> **Directions**:
With the pictures set aside, write out all of the data exactly as it stands.

Start of Dataset content

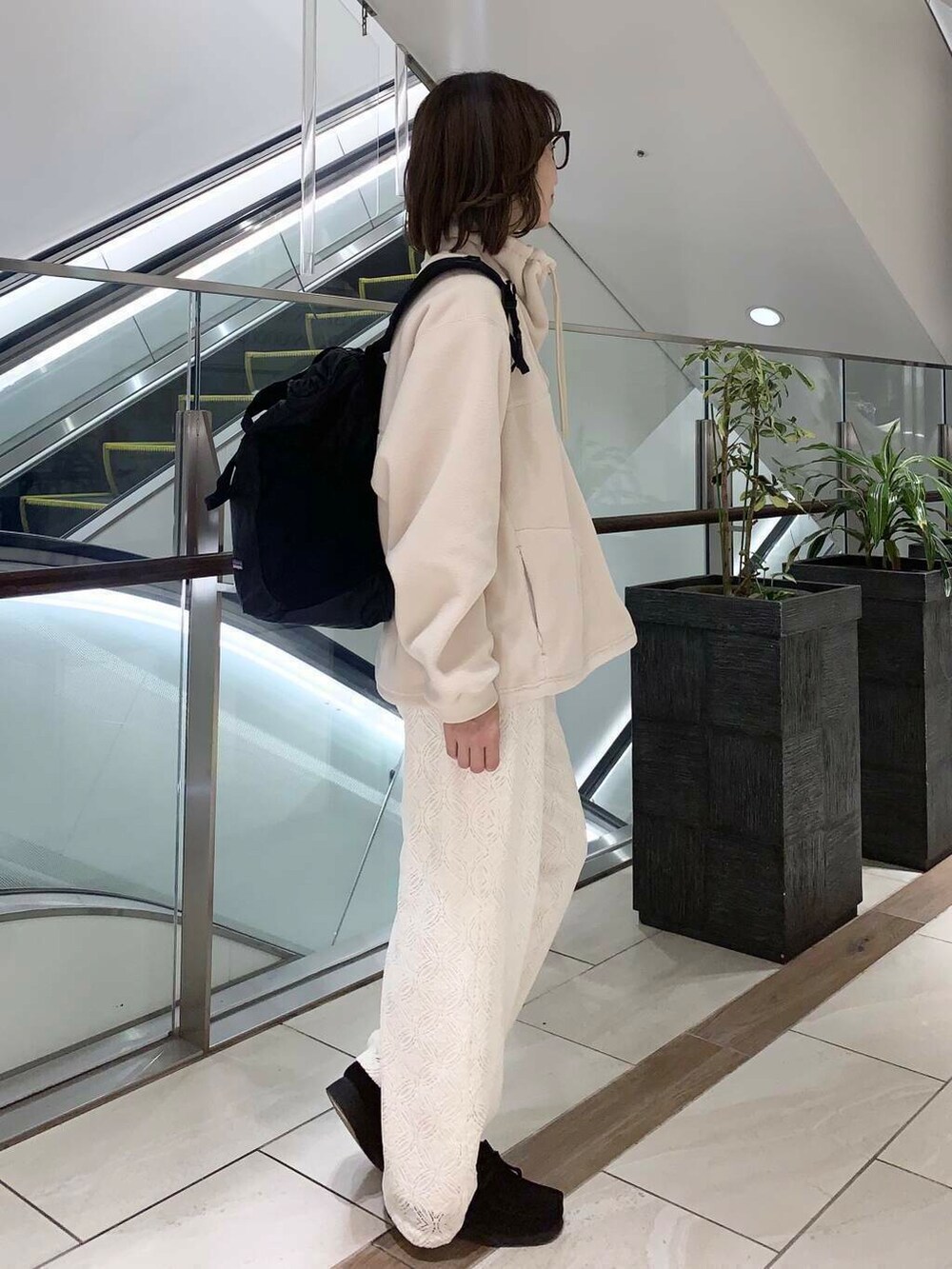 ブラウン系のステンカラーコート、ホワイト系のその他パンツ、ホワイト系のその他トップスを着用したレディースの冬コーディネートの4枚目の写真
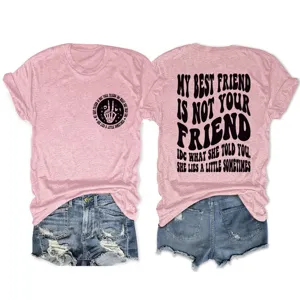 Detail view of the pink short sleeve graphic tee featuring catchy text print on front and back.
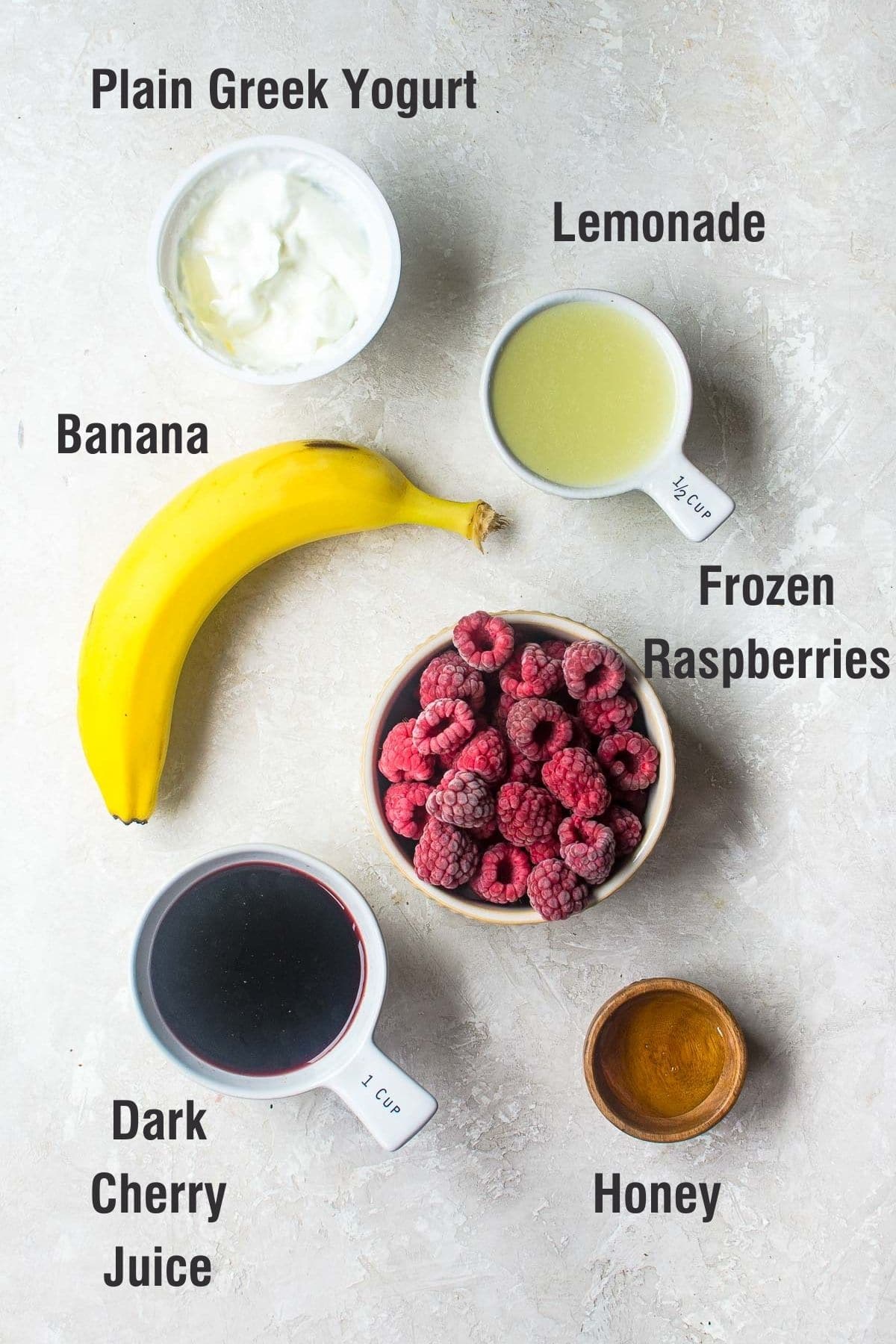 Ingredients for making raspberry smoothie labeled.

End of Dataset content

> **Reply to the task**:
 ブラウン系のステンカラーコート、ホワイト系のその他パンツ、ホワイト系のその他トップスを着用したレディースの冬コーディネートの4枚目の写真
 Detail view of the pink short sleeve graphic tee featuring catchy text print on front and back.
 Ingredients for making raspberry smoothie labeled.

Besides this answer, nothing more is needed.